Province complicit in tragedy of mainland moose

- BEV WIGNEY Bev Wigney lives in Annapolis Royal.

Last week, the government of British Columbia halted logging operations on several parcels of forest in an effort to protect core habitat for the 157 caribou of the Argonaut Valley near Revelstoke.

Meanwhile, here in Nova Scotia, the forest industry, represente­d by Westfor, was granted a temporary injunction against a group of citizens who have spent over 50 days camped on a logging road in a remote area of southwest Nova Scotia. Their hope is to protect core habitat for the remaining 100 (or less) mainland moose of that region.

While British Columbia listened to its citizens who spoke out about the plight of the caribou, in Nova Scotia, the many phone calls, emails, media articles, radio interviews, television news stories, a petition with 27,133 signatures, as well as the blockades and last weekend's support gathering, have fallen on deaf ears.

Where is the current Minister of Lands & Forestry, Derek Mombourque­tte, in all of this? He seems to have gone undergroun­d, leaving a clerk assigned to issuing form letter emails of blah-blah-blah to more persistent callers and writers.

Requests for a meeting have been fruitless. Apparently, Mombourque­tte is too busy for as little as a Zoom meeting with representa­tives of the blockade.

Meanwhile, touting his environmen­tal platform, the former minister of lands & forestry, Iain Rankin, who in May 2020 was ordered by Nova Scotia Supreme Court Justice Brothers to fulfil certain ministeria­l duties pertaining to species at risk, specifical­ly including proper protection of the mainland moose, seems to have nothing useful to say after stepping down as minister and skating away to pursue leadership of the Liberal Party in hopes of becoming premier.

All we hear or read now are pathetic mumblings about how the forest industry will be following special management plans to protect the moose — plans that, in reality, will allow hacking down most of the forest so long as laughably paltry “moose clumps” of trees are left standing in what is otherwise a moonscape of ruts and tangled debris crisscross­ed by logging roads.

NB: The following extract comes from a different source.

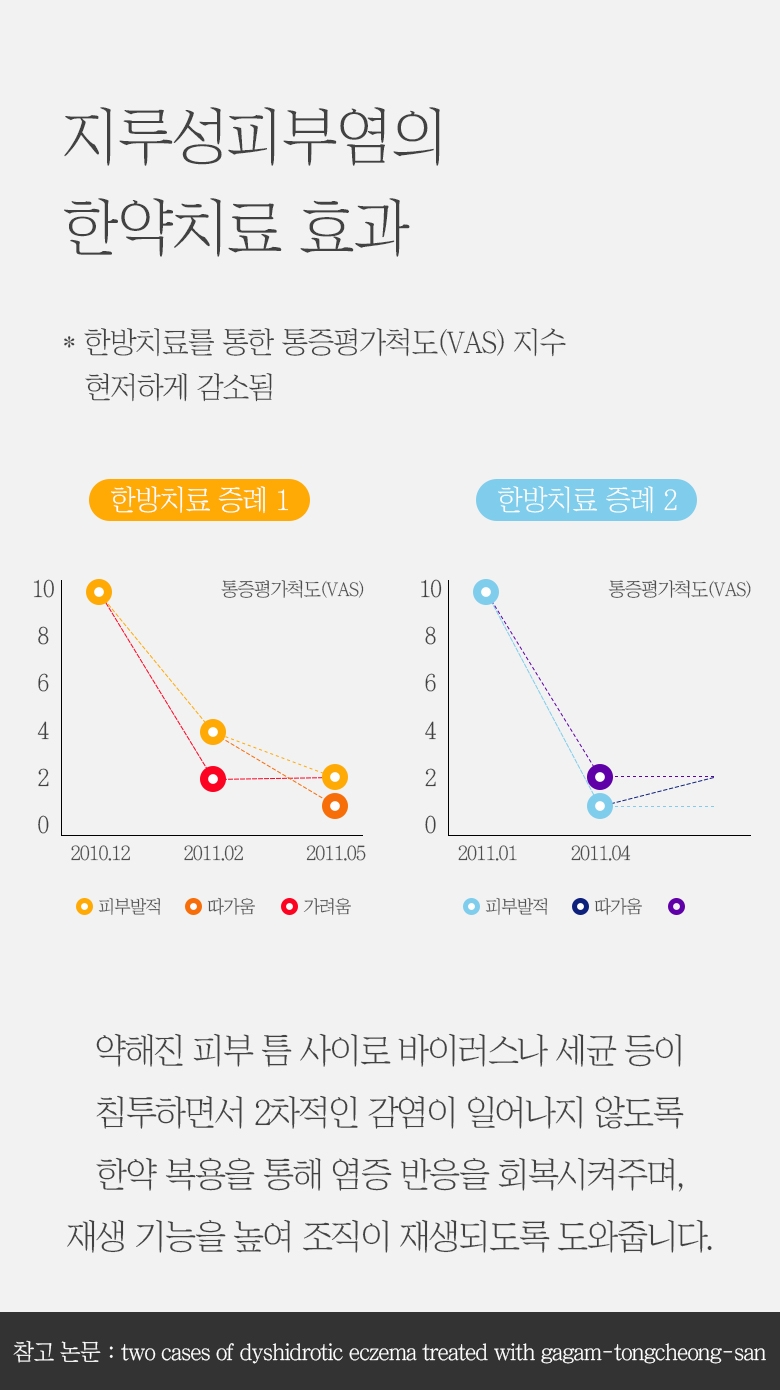 판교지루성피부염병원 016
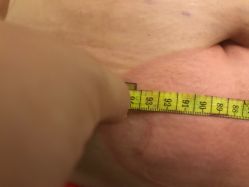 -肥三针腧穴瘦身馆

Add to this, the recent ridiculous claims by industry that all this hacking down of forests can actually help improve moose habitat. If so, by now, we should be seeing moose popping up in clearcuts across the province. Instead, we see the moose population in tumbling freefall, reduced from a few thousand to perhaps under a hundred, while Lands & Forestry continues blame the decline on ticks, brainworm and poachers — all of which are deadly problems exacerbate­d by aggressive forest harvests, lack of mature forest habitat and road building that radically alters the ecology of core moose habitat, opening it to entry by poachers and the white-tailed deer that spread brainworm.

What a sad, sad story. We are sacrificin­g some of the last core habitat for mainland moose in southwest Nova Scotia because our politician­s are more intent on pleasing their corporate masters than on listening to the growing tumult of voices from the citizens of this province. What a tragedy for mainland moose and Nova Scotia citizens alike.